**Work instructions**.
Only the lines below, from the one with "French Ornate Tile Table Runner" through the one with "Page 135A-lTENDANT FEATURE OPERATION", are to be written out, exactly.

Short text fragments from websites

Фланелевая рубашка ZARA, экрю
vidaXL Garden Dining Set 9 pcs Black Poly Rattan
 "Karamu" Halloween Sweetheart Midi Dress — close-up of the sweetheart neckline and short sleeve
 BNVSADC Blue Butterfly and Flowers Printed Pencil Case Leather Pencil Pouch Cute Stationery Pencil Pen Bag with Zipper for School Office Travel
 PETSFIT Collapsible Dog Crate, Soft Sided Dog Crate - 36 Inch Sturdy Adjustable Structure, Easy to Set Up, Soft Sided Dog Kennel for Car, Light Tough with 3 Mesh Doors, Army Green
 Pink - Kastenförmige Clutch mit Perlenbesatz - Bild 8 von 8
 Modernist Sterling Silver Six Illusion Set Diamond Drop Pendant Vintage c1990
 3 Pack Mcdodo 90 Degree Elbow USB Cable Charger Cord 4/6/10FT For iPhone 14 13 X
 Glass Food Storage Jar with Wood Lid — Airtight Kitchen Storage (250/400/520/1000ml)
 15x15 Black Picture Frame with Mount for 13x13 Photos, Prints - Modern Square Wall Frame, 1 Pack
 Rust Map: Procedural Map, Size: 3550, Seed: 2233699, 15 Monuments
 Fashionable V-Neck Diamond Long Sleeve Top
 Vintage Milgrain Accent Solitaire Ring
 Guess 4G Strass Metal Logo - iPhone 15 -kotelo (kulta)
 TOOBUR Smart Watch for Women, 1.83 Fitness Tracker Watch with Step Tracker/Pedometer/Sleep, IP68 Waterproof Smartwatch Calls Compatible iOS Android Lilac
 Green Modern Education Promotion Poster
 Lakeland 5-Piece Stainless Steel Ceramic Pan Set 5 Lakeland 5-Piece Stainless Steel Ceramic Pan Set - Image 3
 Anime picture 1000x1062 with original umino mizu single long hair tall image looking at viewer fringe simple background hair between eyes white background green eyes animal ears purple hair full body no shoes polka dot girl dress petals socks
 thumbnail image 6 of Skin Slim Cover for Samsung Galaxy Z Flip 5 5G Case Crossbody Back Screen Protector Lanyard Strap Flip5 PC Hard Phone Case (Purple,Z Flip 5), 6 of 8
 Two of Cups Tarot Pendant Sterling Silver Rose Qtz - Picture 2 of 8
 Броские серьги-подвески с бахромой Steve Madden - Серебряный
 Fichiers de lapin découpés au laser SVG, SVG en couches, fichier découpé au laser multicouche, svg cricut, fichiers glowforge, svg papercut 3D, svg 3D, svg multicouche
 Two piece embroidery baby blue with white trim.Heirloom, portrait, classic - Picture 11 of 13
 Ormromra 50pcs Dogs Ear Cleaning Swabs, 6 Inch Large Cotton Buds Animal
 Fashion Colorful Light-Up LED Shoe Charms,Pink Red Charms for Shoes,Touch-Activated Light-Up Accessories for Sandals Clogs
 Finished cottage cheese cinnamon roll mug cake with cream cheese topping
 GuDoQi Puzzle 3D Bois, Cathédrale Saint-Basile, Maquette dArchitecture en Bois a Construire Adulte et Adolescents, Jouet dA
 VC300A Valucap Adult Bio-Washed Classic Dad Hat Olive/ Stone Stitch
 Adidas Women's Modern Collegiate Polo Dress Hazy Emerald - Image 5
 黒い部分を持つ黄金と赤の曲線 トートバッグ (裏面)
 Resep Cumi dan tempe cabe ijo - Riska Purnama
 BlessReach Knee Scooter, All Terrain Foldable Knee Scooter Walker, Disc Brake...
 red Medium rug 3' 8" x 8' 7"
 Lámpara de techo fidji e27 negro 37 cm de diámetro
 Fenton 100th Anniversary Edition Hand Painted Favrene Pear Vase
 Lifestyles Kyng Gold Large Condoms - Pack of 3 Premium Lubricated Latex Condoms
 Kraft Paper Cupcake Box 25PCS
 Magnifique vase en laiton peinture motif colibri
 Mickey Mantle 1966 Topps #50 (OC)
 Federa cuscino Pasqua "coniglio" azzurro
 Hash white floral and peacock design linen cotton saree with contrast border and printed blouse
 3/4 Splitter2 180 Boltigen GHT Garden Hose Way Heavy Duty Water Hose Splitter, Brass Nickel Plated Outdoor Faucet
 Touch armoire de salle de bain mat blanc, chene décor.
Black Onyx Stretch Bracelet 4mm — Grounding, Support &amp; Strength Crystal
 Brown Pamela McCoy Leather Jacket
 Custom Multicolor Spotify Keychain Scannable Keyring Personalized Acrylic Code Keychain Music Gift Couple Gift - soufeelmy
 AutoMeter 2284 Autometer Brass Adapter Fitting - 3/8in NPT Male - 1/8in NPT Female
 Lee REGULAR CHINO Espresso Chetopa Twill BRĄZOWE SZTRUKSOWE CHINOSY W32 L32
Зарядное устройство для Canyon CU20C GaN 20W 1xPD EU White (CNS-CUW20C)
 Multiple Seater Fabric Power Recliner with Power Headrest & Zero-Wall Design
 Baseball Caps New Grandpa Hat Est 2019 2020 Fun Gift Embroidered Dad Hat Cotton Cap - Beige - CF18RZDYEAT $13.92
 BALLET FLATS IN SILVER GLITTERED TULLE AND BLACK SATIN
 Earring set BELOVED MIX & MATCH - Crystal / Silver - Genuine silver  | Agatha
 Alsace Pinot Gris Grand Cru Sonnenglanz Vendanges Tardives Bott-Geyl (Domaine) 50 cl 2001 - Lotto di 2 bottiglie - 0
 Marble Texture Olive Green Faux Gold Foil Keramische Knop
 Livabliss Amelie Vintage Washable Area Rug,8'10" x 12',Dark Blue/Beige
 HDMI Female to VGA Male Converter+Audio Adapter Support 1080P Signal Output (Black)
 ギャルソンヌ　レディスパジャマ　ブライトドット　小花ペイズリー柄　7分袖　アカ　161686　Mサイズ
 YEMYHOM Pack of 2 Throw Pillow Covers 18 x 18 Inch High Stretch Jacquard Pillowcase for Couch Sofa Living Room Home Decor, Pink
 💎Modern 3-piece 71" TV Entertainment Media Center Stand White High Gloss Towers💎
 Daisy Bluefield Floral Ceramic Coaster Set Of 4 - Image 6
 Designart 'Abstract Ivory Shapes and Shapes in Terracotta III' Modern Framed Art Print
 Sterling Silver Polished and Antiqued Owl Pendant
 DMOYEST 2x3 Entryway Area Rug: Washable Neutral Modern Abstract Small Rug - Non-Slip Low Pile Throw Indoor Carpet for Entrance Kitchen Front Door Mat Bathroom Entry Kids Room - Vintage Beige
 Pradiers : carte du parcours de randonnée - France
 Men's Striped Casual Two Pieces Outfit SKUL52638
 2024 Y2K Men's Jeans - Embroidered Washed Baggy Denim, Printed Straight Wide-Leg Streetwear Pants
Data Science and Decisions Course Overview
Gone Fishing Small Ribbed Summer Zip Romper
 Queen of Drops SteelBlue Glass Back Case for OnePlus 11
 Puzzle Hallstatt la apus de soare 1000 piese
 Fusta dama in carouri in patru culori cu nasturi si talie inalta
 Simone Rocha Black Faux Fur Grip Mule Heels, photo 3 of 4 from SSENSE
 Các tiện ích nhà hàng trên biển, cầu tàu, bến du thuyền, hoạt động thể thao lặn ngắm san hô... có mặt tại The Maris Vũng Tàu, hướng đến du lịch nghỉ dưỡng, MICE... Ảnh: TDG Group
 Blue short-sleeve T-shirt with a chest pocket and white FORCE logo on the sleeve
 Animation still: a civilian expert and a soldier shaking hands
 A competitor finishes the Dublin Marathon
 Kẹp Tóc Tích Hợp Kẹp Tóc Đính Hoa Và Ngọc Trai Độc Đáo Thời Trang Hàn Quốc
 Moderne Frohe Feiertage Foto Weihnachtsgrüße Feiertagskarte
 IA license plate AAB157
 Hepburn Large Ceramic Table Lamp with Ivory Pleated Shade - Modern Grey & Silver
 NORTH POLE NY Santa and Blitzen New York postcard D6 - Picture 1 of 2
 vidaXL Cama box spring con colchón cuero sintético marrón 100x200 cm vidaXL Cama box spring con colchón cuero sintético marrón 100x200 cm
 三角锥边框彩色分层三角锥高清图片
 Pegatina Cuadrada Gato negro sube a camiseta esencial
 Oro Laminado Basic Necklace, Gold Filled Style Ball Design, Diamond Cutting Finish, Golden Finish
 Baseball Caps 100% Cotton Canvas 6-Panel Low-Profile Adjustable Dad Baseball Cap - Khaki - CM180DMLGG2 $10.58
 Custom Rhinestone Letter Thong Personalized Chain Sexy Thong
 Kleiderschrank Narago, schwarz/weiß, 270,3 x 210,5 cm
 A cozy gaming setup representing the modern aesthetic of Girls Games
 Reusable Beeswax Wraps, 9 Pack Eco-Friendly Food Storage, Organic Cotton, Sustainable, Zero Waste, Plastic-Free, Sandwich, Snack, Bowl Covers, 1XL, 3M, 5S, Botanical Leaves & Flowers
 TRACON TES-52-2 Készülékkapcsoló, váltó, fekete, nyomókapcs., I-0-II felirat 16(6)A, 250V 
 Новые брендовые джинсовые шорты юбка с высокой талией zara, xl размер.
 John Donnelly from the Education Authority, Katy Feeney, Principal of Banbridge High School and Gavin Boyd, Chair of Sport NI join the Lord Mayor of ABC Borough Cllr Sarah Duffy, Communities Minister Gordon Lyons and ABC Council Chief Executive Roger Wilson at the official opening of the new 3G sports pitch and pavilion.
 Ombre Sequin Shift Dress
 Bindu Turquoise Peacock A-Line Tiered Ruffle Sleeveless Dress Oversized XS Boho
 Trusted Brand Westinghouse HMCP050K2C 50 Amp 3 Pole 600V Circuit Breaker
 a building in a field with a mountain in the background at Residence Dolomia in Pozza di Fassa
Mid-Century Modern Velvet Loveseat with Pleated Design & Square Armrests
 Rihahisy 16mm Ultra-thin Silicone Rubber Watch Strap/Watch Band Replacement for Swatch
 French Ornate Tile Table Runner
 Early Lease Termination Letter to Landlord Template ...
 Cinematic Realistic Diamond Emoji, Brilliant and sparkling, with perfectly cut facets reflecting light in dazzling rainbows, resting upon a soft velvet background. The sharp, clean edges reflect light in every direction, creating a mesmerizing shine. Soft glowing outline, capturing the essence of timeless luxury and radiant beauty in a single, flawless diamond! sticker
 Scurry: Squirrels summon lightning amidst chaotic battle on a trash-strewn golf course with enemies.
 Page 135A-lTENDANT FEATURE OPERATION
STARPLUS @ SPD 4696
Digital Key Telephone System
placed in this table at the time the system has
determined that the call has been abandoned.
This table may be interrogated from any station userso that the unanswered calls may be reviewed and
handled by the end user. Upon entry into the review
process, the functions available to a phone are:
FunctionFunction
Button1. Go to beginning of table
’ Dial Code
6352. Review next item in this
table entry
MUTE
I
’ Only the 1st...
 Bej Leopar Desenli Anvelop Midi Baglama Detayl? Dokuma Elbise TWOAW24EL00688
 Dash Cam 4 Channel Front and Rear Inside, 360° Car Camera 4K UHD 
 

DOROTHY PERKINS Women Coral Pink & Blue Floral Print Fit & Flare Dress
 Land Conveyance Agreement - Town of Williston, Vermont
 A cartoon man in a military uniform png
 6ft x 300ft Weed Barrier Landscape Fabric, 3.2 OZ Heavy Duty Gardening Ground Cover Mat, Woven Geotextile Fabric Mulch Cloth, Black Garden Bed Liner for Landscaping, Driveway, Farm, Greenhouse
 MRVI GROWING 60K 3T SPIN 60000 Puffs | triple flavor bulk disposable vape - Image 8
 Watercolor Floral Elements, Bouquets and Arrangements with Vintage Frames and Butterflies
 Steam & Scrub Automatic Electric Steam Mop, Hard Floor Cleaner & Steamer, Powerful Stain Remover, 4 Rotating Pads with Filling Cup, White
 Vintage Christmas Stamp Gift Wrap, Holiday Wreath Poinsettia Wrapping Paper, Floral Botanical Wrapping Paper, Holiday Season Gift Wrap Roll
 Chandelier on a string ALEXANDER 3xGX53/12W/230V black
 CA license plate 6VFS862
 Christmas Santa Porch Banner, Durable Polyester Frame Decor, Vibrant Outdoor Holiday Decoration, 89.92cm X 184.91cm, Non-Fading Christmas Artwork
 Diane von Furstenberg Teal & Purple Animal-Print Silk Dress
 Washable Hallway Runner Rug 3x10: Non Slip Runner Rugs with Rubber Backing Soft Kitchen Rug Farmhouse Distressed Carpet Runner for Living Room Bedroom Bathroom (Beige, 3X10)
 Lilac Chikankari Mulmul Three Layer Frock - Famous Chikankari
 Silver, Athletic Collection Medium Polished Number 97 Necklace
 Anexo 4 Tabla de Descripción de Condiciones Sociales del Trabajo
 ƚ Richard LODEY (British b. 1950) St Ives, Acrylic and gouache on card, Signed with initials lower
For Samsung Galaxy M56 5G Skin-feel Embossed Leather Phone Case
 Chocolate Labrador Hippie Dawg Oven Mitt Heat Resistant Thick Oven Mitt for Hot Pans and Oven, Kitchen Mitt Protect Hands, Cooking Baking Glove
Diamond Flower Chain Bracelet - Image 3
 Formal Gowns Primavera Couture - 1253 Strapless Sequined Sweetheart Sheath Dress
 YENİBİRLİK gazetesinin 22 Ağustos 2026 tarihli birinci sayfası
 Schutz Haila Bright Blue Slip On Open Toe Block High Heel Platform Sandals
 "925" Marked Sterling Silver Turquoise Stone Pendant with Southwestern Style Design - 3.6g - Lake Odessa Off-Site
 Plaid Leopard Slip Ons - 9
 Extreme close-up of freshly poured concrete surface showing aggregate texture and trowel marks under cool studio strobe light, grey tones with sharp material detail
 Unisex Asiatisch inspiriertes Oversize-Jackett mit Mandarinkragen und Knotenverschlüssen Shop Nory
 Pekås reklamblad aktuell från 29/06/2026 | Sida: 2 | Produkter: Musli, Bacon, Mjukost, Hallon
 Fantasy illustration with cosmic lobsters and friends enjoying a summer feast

**Task result**.
 French Ornate Tile Table Runner
 Early Lease Termination Letter to Landlord Template ...
 Cinematic Realistic Diamond Emoji, Brilliant and sparkling, with perfectly cut facets reflecting light in dazzling rainbows, resting upon a soft velvet background. The sharp, clean edges reflect light in every direction, creating a mesmerizing shine. Soft glowing outline, capturing the essence of timeless luxury and radiant beauty in a single, flawless diamond! sticker
 Scurry: Squirrels summon lightning amidst chaotic battle on a trash-strewn golf course with enemies.
 Page 135A-lTENDANT FEATURE OPERATION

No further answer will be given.